3. Decimated samples

Users often want to retrieve samples for an extended period of time, for example in order to get a trend of how a process variable changed over months or even years. In this case, retrieving the raw samples as they were logged is rather inefficient. For example, if a process variable is logged at an update rate of one sample per second, there are 86,400 samples per day or 31,536,000 samples per year. When plotting the trend of a process variable’s value for a whole year, using 31 million samples does not make sense because the effective resolution of the plot will limit the amount of details that can be seen to a much coarser level. More importantly, retrieving the data for 31 million samples can take a considerable amount of time and typically a user will not want to wait for a long time if she is just interested in getting a quick overview.

For this reason, the Cassandra PV archiver supports so-called decimated samples. These decimated samples are generated asynchronously in the background while data is being archived. When retrieving data from the archive, this decimated data can be used when lower resolution data is sufficient for satisfying the user’s request. Decimated samples are organized in so-called decimation levels. Each decimation level for a certain channel stores samples at a fixed rate.

Typcially, the density of these decimation levels is chosen so that the distance between two samples increases exponentially with each decimation level. For example, when having a process variable with a native update rate of approximately one sample per second, the administrator might add decimation levels with decimation periods of 30 seconds, 15 minutes, and 6 hours. When plotting data for a whole year, one might then select the data from the decimation level with a decimation period of 6 hours, resulting in only 1,460 samples being returned instead of approximately 31 million raw samples.
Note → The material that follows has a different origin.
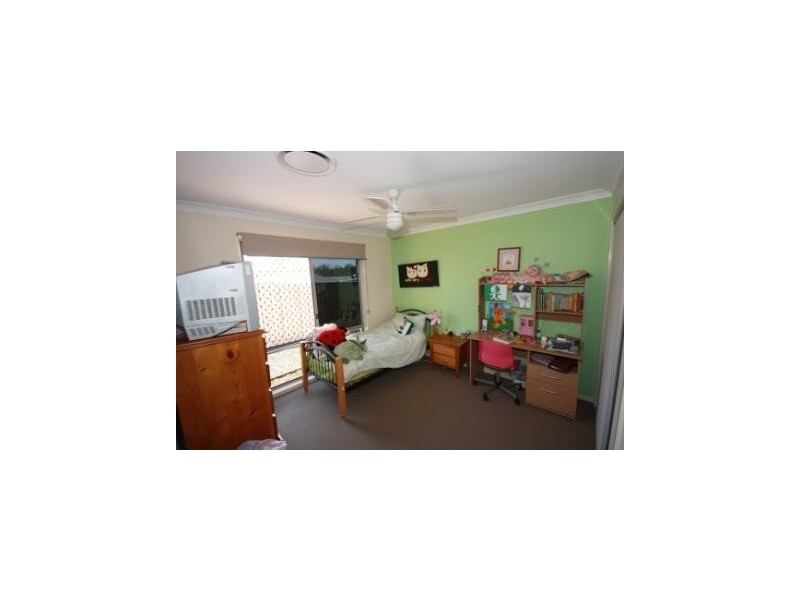 18 Willowood Place, Fernvale QLD 4306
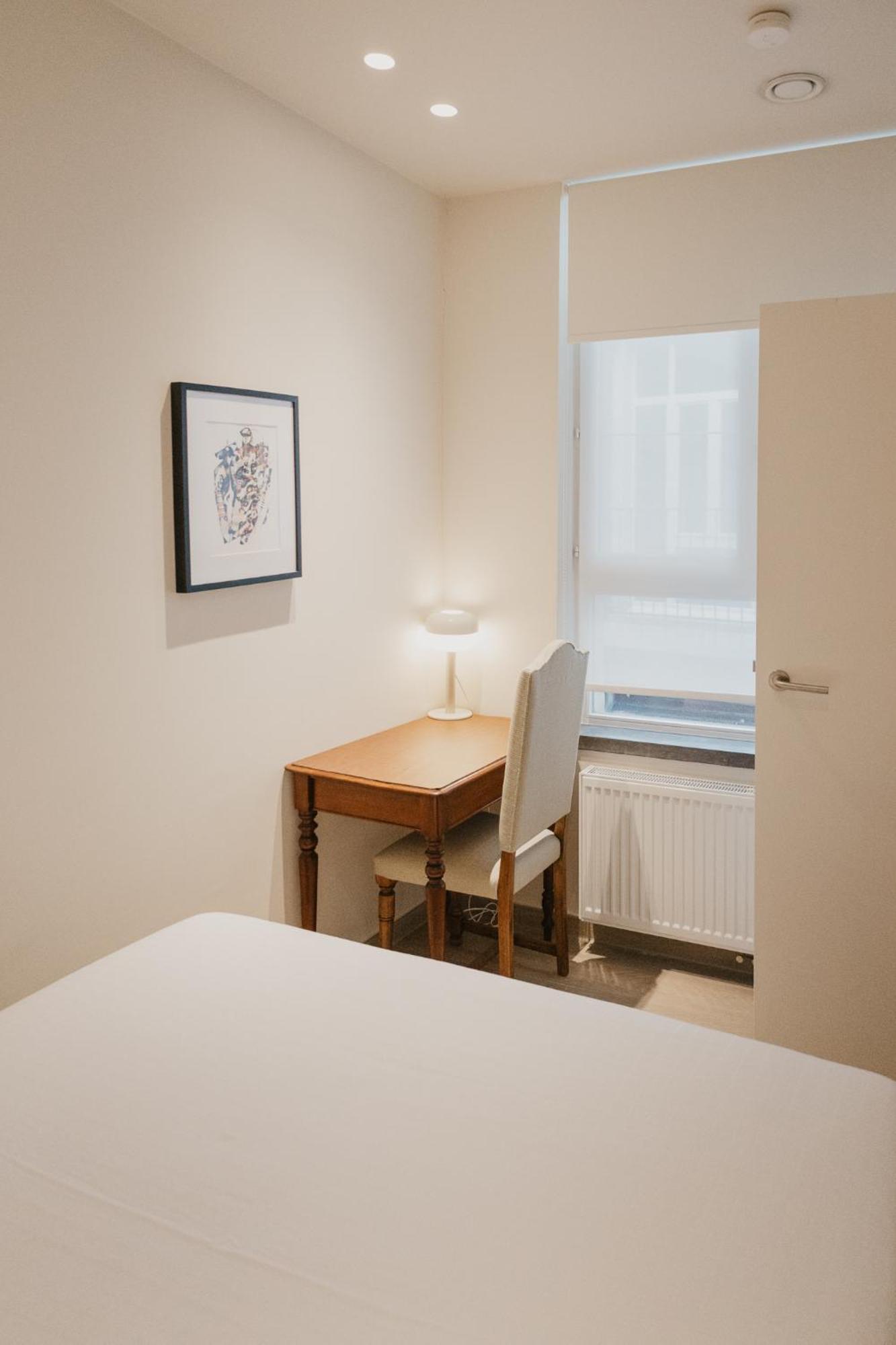 Blue Bird Apartment *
The samples that are generated for decimation levels are always generated with a fixed distance specified by the decimation period of that decimation level. The details of how a decimated sample is generated are left to each control-system support. For example, a simple algorithm might choose to simply use one raw sample for each decimated sample, resulting in a “decimation” process in the literal sense. A more advanced algorithm, on the other hand, might choose to apply statistical operations on the source samples for the relevant period of time, calculating a mean and other stastical properties.
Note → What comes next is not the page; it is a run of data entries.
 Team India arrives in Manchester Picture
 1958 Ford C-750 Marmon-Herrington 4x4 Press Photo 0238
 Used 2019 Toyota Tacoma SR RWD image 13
Figure I.3. Mapping of raw samples to decimated samples
Mapping of raw samples to decimated samples

Figure I.3, “Mapping of raw samples to decimated samples” shows how decimated samples are generated from raw samples. For each decimated sample, the Cassandra PV Archiver passes one raw sample before or at the same time as the decimated sample to be generated and all raw samples after the decimated sample but before the next decimated sample to be generated. This way, the control-system support has all relevant information for the whole period for which the decimated sample is generated. This means that a decimated sample represents the period after its time stamp. For example, when having a decimation level with a decimation period of 30 seconds, the decimated sample with a time stamp of 14:12:30 will represent the interval [14:12:30, 14:13:00).

When there are multiple decimation levels for a channel, the decimated samples for longer decimation period are generated from decimated samples from shorter decimation periods (if the longer period is an integer multiple of the shorter period). This way, the amount of data that has to be processed is reduced dramatically (see Figure I.4, “Sample generation for cascaded decimation levels”).

Figure I.4. Sample generation for cascaded decimation levels
Sample generation for cascaded decimation levels